The real poster child for irresponsible coronavirus leadership must be Iran, though, writes Bobby Ghosh. Its deputy health minister, who was caught feverishly sweating on camera even as he tried to downplay the disease, infected who knows how many people all by himself. The regime has been too blithe about the illness; and given how widely Iranians travel throughout the region and the world, this carelessness is a global health problem. It probably won't be the last.

Further Dubious Virus Response Reading: Hong Kong's stimulus seems designed more to boost already overinflated property values than to fight virus effects. — Andy Mukherjee

Markets in Coronavirus

Stocks spent another day being slapped around by coronavirus headlines. All told in this sell-off, the major indexes have lost more than 10%, the technical definition of a "correction," with the pain intensifying after news California is monitoring 8,400 people for the disease. This volatility is just going to be the norm for a while, writes John Authers.

John says these market declines are still orderly, but you can bet a certain president of the United States doesn't feel that way. He probably agrees with Narayana Kocherlakota's call for the Federal Reserve to cut rates immediately to fight the virus's effects on sentiment and economic activity. It risks losing credibility otherwise, Narayana writes.

Ordinarily a rate cut, or simply the promise of one, would be enough to turn markets around. But in this case it would provide only temporary support, warns Jim Bianco. The market won't truly bottom until it finally stops responding to negative news quite so negatively. And it won't do that until we have a better handle on the scope of the crisis. And that could take a while.

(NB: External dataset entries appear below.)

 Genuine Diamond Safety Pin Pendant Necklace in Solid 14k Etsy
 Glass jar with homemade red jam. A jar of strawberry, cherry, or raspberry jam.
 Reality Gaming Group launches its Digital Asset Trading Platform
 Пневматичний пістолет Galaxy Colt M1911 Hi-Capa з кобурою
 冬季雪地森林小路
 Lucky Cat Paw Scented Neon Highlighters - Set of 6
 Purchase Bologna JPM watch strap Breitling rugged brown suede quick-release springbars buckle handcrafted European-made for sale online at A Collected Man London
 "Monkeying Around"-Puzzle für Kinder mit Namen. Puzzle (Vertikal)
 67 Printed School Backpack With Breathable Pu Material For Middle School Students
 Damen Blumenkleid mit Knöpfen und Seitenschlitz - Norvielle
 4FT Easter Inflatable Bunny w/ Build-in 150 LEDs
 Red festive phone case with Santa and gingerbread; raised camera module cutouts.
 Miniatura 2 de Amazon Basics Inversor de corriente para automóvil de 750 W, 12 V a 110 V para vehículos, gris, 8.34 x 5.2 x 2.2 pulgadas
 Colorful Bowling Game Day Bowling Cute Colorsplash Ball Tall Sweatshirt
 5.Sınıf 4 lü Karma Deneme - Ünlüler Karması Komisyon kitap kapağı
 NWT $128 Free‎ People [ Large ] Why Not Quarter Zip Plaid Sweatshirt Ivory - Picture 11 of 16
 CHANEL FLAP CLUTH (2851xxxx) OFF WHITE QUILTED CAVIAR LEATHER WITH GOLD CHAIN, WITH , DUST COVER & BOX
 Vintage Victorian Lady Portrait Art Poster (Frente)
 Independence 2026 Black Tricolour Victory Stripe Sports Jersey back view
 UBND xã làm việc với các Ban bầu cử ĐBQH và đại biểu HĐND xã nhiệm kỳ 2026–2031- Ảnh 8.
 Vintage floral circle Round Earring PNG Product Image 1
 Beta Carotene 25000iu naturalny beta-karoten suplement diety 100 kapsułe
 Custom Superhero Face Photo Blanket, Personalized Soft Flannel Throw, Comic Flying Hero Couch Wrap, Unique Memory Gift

Further Virus-Market Nexus Reading:

Critiquing the Populist Critiques

We may be well on the way to a presidential election pitting a right-wing populist, Trump, against a left-wing populist, Bernie Sanders. Both roughly argue things were better at some distant time and/or place in the past. Both traffic in the idea that it's harder for working people (specifically men, for conservatives) to earn a decent living these days, because of either the foreigners (the conservative argument) or the billionaires (the leftist argument). A recent conservative paper making the rounds gives them both ammo, saying a middle-class wage doesn't cover nearly as much as it once did. Michael R. Strain takes issue with the analysis, suggesting it's still possible for one wage-earner to bankroll a middle-class family.

Sanders, meanwhile, has caught some heat for old comments praising communist Cuba for its education and health-care systems, while also criticizing its authoritarianism. Noah Smith writes it's legitimate to recognize what Cuba and other outré countries get right, as long as we also recognize how much they get wrong economically.

Telltale Charts

Retail investors should be allowed to invest in private equity, as a matter of principle, writes Nir Kaissar. Just be warned, all the good returns are long gone.

Trucker deaths are on the rise, and the problem is more the fault of bad car drivers than reckless truckers, writes Justin Fox, after hearing from a bunch of the latter.

Further Reading

Muddy Waters struck a blow for short-sellers everywhere by exposing problems at NMC Health Plc. — Chris Bryant

We can't let a Chinese candidate take over the United Nations patent office. — James Pooley

Benny Gantz may have to form a governing coalition with Benjamin Netanyahu. — Zev Chafets

Trump has slashed regulatory costs, but he has also slashed regulatory benefits. — Cass Sunstein

Was anybody really fooled into thinking Steven Seagal was not paid to tout a cryptocurrency? — Matt Levine

ICYMI

Japan is closing its schools to fight coronavirus.

This isn't a great time to be Corona beer.

Bizarre wellness secrets of the rich and famous.

Kickers

China could deploy 100,000 ducks to Pakistan to fight locust swarms. (h/t Alistair Lowe)

Scientists find an animal that lacks mitochondria. (h/t Scott Kominers)

Car thief steals hearse with a body in the back. (h/t Ellen Kominers)

The food-waste fight is a waste of time.